Download or read book Life at Home in the Twenty-First Century written by Jeanne E. Arnold and published by Cotsen Institute of Archaeology Press. This book was released on 2012-12-31 with total page 181 pages. Available in PDF, EPUB and Kindle. Book excerpt: Winner of the 2014 John Collier Jr. Award Winner of the Jo Anne Stolaroff Cotsen Prize Life at Home in the Twenty-First Century cross-cuts the ranks of important books on social history, consumerism, contemporary culture, the meaning of material culture, domestic architecture, and household ethnoarchaeology. It is a distant cousin of Material World and Hungry Planet in content and style, but represents a blend of rigorous science and photography that these books can claim. Using archaeological approaches to human material culture, this volume offers unprecedented access to the middle-class American home through the kaleidoscopic lens of no-limits photography and many kinds of never-before acquired data about how people actually live their lives at home. Based on a rigorous, nine-year project at UCLA, this book has appeal not only to scientists but also to all people who share intense curiosity about what goes on at home in their neighborhoods.

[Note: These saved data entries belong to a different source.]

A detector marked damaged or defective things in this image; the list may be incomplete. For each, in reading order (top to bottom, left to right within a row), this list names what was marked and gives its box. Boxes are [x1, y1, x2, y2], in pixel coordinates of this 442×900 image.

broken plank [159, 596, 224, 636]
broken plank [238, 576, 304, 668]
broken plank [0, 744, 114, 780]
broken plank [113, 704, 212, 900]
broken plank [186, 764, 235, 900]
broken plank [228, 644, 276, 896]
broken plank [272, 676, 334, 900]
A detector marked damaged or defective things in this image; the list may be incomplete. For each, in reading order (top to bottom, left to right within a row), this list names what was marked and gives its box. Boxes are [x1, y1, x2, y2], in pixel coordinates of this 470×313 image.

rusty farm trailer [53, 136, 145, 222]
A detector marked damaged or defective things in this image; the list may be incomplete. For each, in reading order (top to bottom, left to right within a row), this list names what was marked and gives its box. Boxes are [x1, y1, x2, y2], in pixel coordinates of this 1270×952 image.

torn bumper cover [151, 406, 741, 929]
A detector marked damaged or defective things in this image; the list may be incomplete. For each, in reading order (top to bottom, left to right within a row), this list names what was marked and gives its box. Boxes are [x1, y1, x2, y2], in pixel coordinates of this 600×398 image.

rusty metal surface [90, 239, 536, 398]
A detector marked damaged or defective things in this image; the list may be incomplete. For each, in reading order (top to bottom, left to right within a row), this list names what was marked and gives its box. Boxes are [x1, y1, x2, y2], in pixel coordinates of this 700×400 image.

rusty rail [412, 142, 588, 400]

Many who read the book will see their own lives mirrored in these pages and can reflect on how other people cope with their mountains of possessions and other daily challenges. Readers abroad will be equally fascinated by the contrasts between their own kinds of materialism and the typical American experience. The book will interest a range of designers, builders, and architects as well as scholars and students who research various facets of U.S. and global consumerism, cultural history, and economic history.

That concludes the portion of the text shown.